• [WORK INSTRUCTIONS] Only an exact copy is wanted: the lines from the one holding "挖掘機配件鼓風機的作用，挖掘機配件鼓風機的作用是什么" through the last line below, minus the pictures.

== DATASET EXTRACT ==

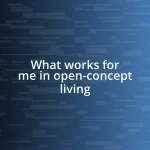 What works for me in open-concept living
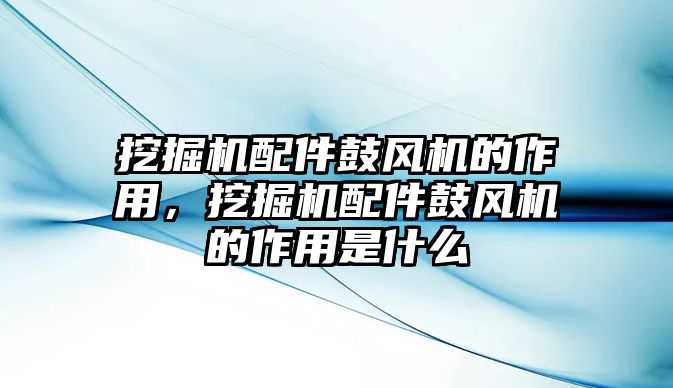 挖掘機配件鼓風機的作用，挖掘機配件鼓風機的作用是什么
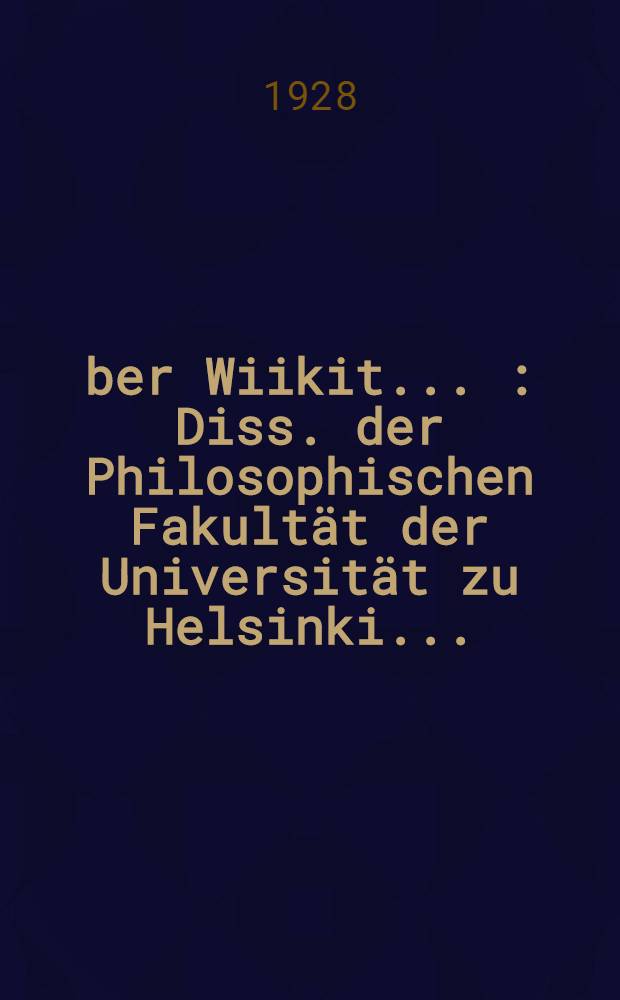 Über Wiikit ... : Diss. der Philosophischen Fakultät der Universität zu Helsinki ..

===

• [SOLUTION FOR THIS PROBLEM]
 挖掘機配件鼓風機的作用，挖掘機配件鼓風機的作用是什么
 Über Wiikit ... : Diss. der Philosophischen Fakultät der Universität zu Helsinki ..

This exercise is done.